Por que ensinar relações étnico-raciais e história da África nas salas de aula?

Já faz alguns anos que se fala da importância de a Educação brasileira incorporar temáticas relativas à História da África e da Cultura Afro-Brasileira nos currículos escolares. Esse foi, justamente, o objetivo da Lei 10.639/03, sancionada pelo ex-presidente Lula no início de seu mandato. Conforme aponta a professora Nilma Lino Gomes (2008), mais do que uma iniciativa do Estado, esse marco legal reflete uma vitória do movimento negro na luta contra o racismo. Mas, afinal, o que a escola tem a ver com isso e por que essa lei existe?

Gradyreese via Getty Images

Reflitamos, por um momento, no que aprendemos sobre a África, a cultura de matriz afro-brasileira e negros/as na escola. Além da escravidão, quase nada – a não ser que o/a leitor/a tenha tido a felicidade de encontrar um ou uma docente com preparo e disposição suficientes para lecionar esses temas.Caso contrário, a implantação curricular de uma parte importante e, diria mais, estruturante, da história e cultura brasileira fica relegada a uma função decorativa. Fala-se da escravidão, do tráfico de escravos, do abolicionismo, e só.

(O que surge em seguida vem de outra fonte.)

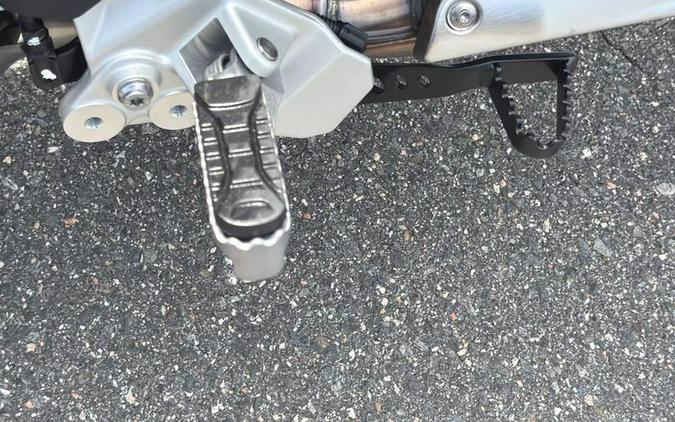 2026 BMW F 800 GS Light White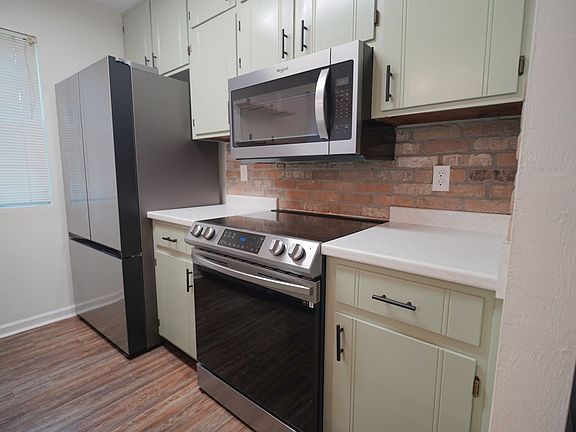 4th image of 3027 Oak Hammock Ln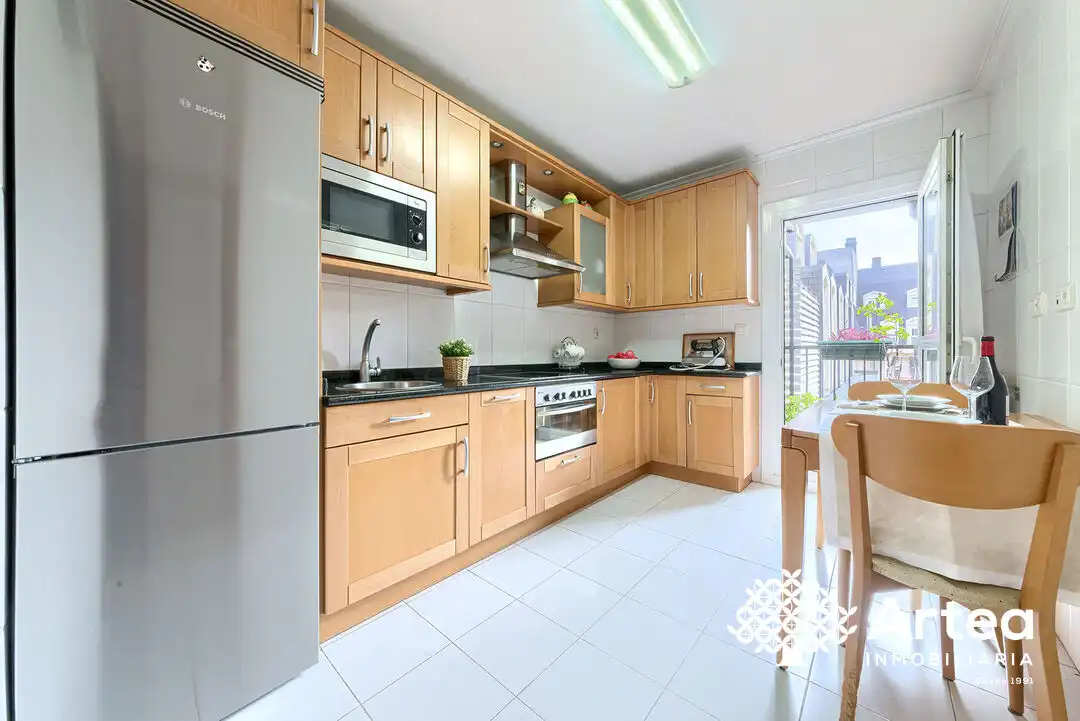Cocina de Piso en venta en Bilbao  con Calefacción y Trastero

Vivemos em uma nação em que uma sutil maioria da população é composta de pretos e de pardos (que, somados, constituem a categoria “negros”). Entre os demais, a maior parte são brancos miscigenados. Discutir as relações étnico-raciais que construíram esse país, logo, deveria ser uma obrigação de todos os cidadãos, não importando sua origem ou etnia. São esforços que não apenas se somam na luta contra o racismo, como também na consolidação da democracia, da promoção da cidadania e no reforço à igualdade social e racial. Dado que a escola é um local privilegiado para a transmissão de conhecimentos que vieram desde as gerações anteriores, ela também se torna um dos focos do movimento negro. De uma forma ou de outra, o currículo escolar seria trazido à tona.

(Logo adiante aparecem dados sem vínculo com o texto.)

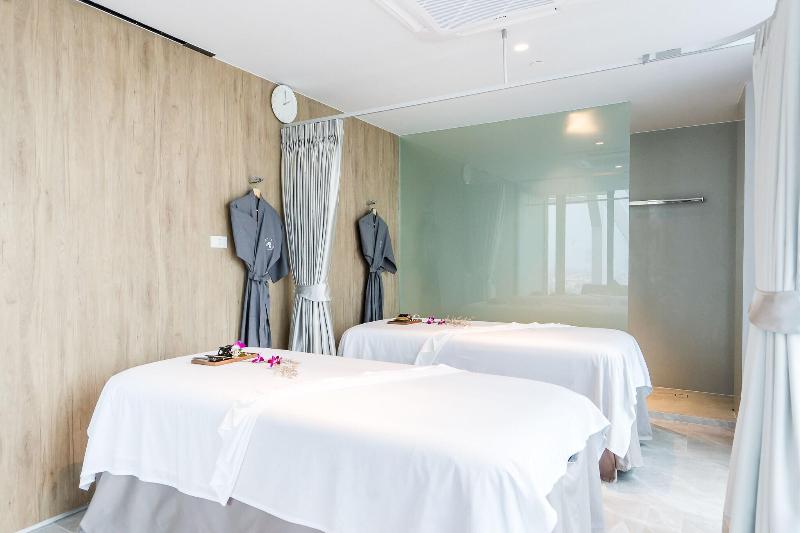 Arbour Hotel And Residence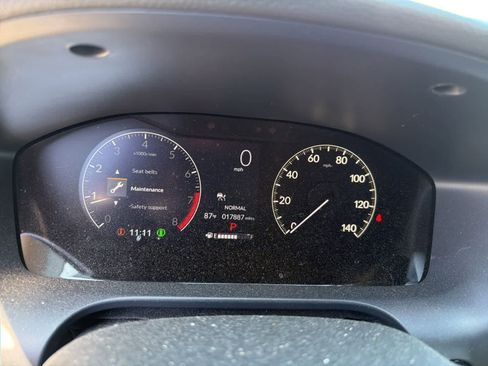 Used 2025 Honda HR-V LX image 2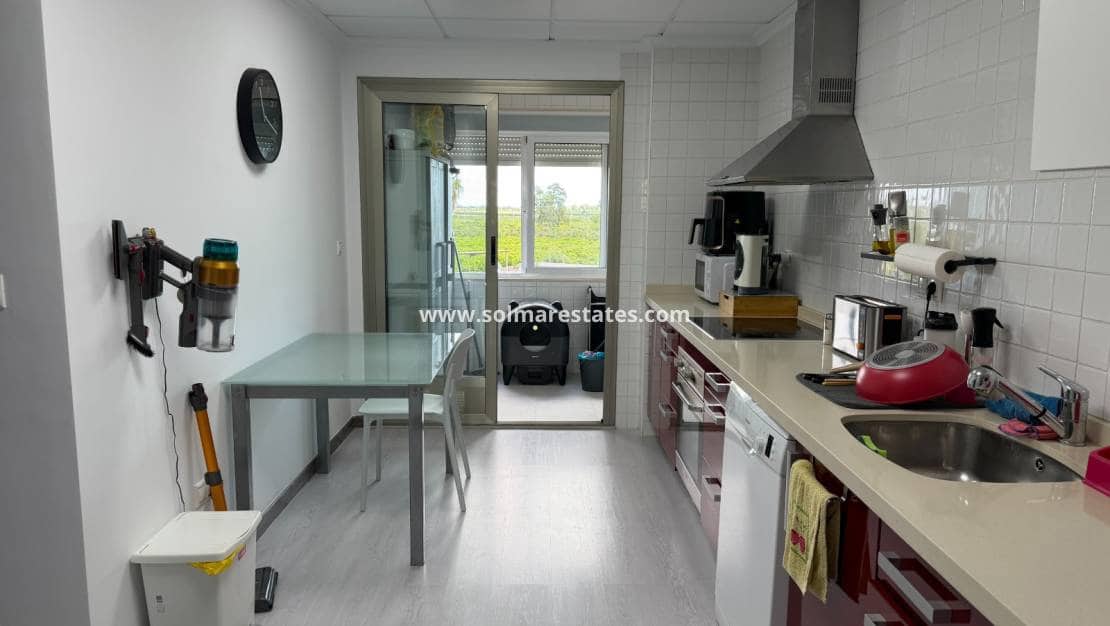 3 soveværelse Lejlighed til salg i Jacarilla med swimmingpool garage - € 165.000 (Ref: 10098614)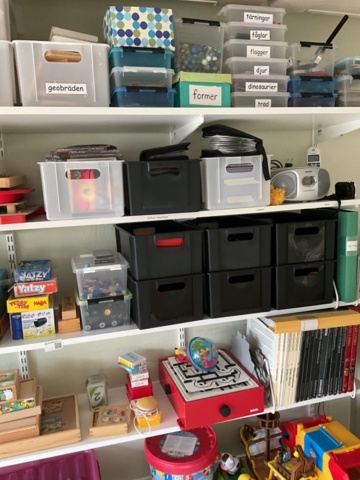 1197361-9 Shelf with children's books, games and crafts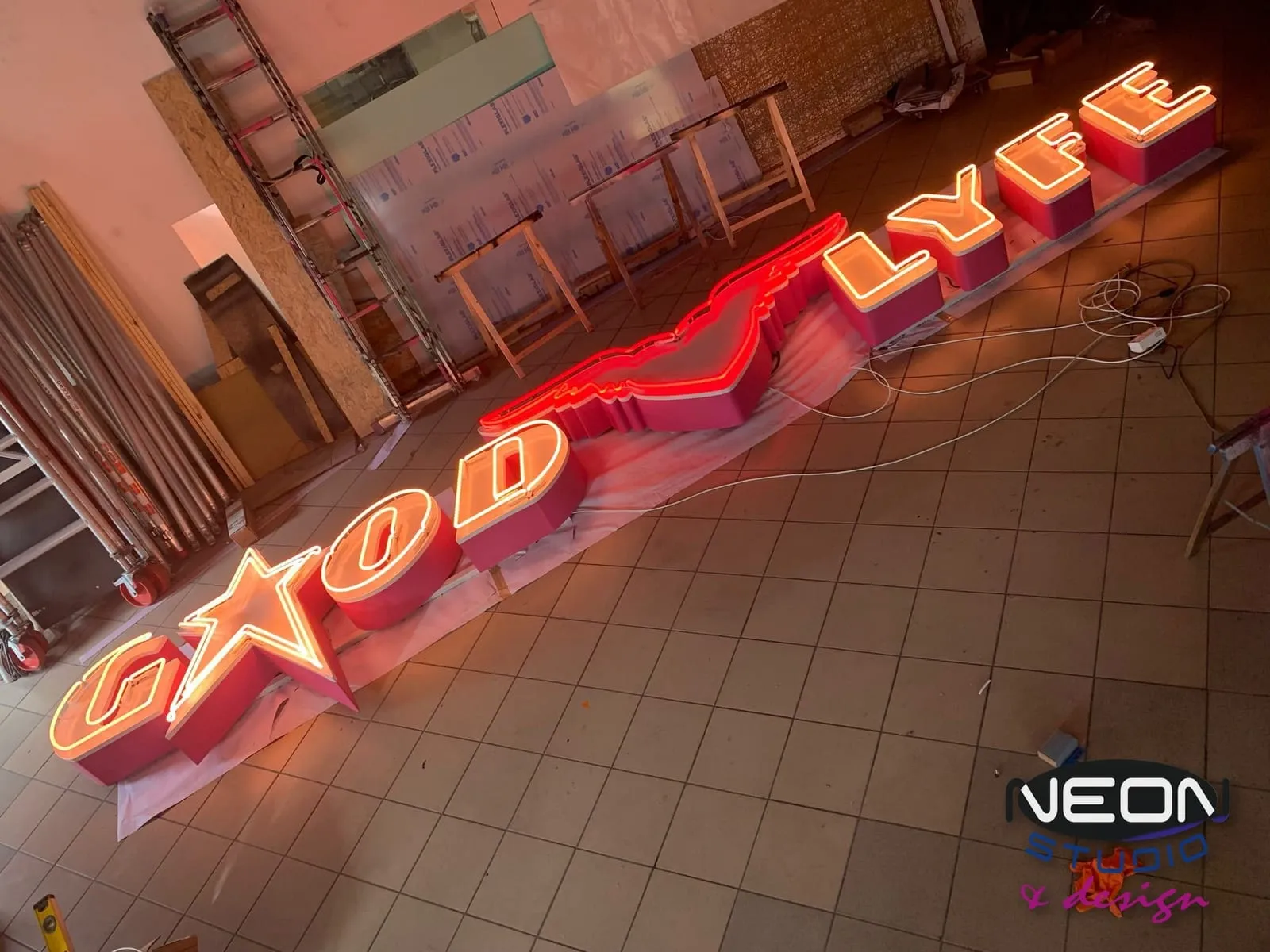 Glass neon or LED? The differences, and how to choose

Essa é a intenção da Lei 10.639/03 – que posteriormente foi complementada pela Lei 11.645/08 para incluir também a questão indígena. O que a sociedade, então, ganharia com a inclusão de um debate profundo sobre história africana e cultura afro-brasileira? Conhecer a história mundial é essencial para entender o que é o Brasil no contexto das relações globais. Porém, da forma como é tratada hoje, o que se convencionou chamar de História Geral é basicamente uma narrativa europeia ou, no máximo, euro-americana (do Norte). Nem a América Latina, nosso próprio continente, é adequadamente discutida. Quanto mais um continente relegado a uma imagem estereotipada, folclorizada e pejorativa como a África.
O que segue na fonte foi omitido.